Work to complete:
Each line from the one with "ASOS Design Sliders - White" through the final line of the entries below must be printed exactly, and the pictures must not be.

..........

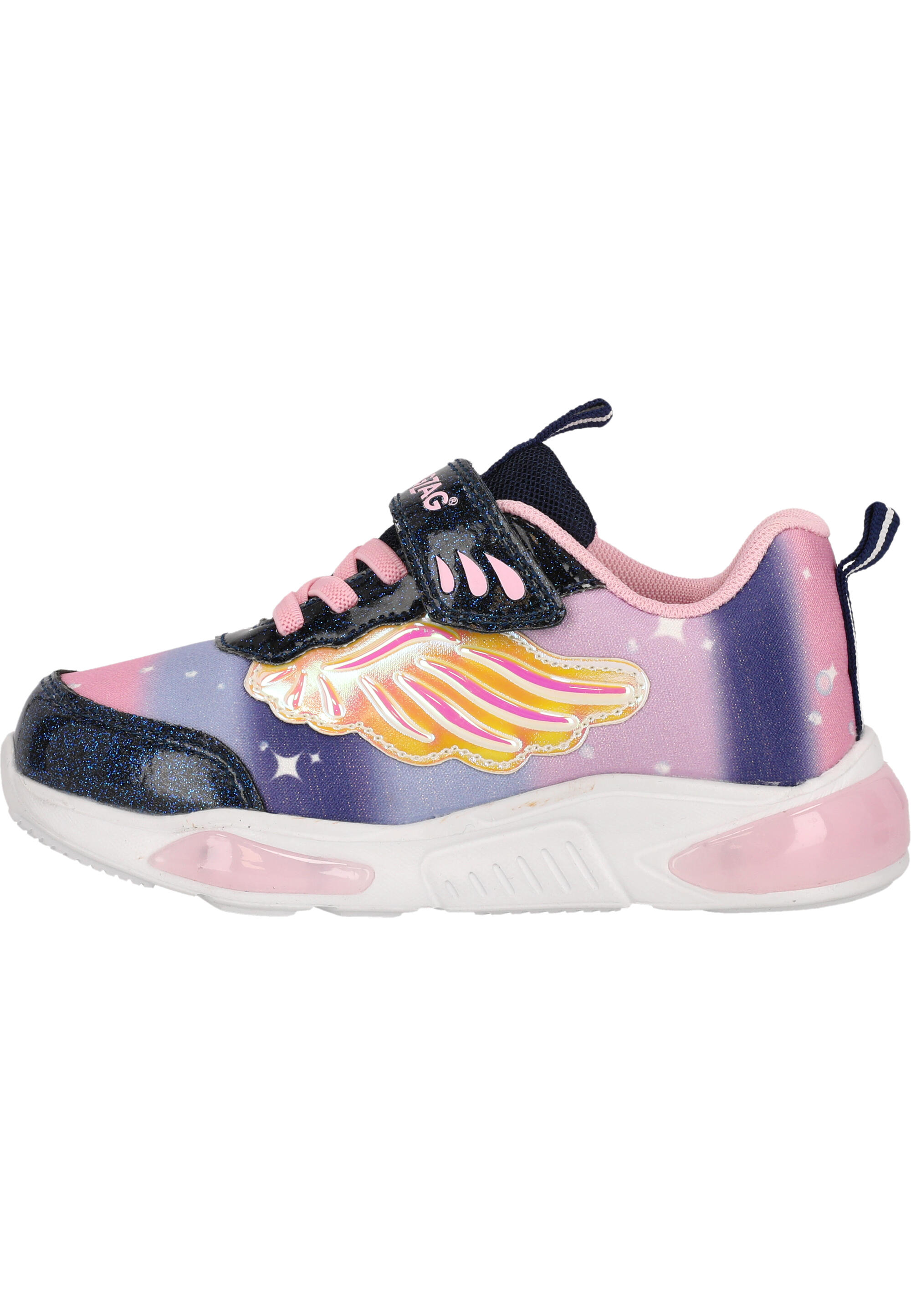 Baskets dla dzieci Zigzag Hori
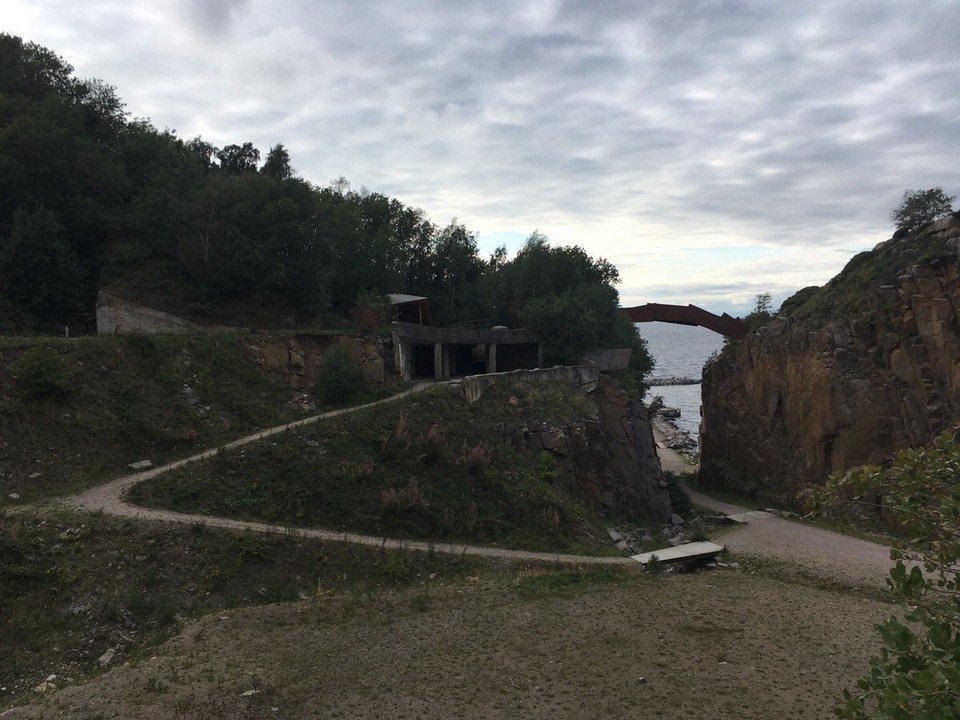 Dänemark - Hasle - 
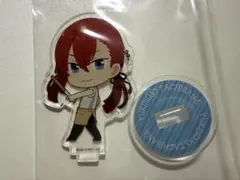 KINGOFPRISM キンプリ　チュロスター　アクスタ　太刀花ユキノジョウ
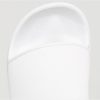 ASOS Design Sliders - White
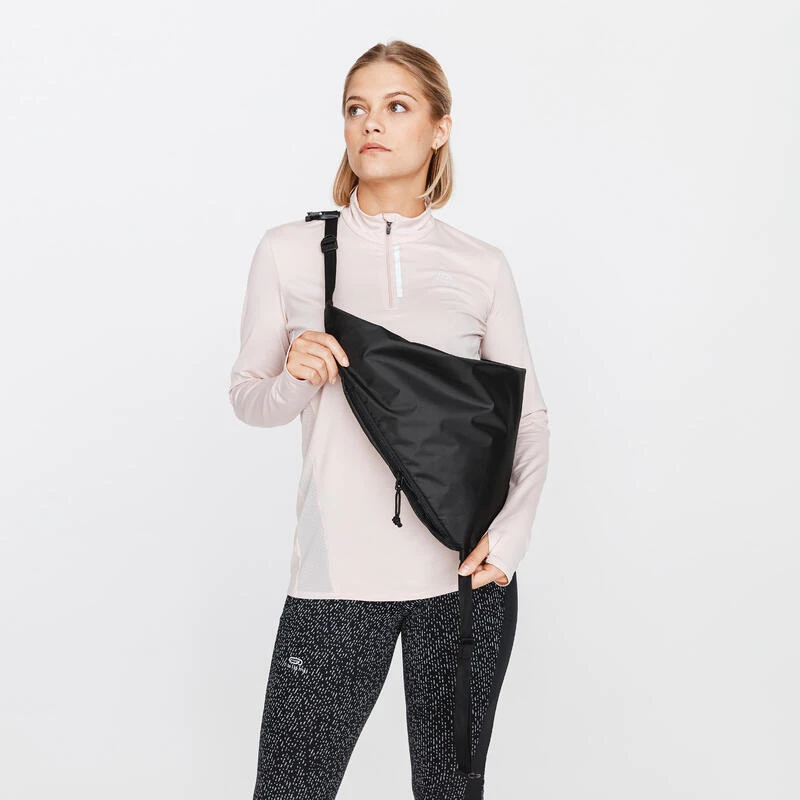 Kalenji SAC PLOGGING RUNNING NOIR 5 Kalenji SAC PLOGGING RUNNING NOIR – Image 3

..........

Solved exercise:
 ASOS Design Sliders - White
 Kalenji SAC PLOGGING RUNNING NOIR 5 Kalenji SAC PLOGGING RUNNING NOIR – Image 3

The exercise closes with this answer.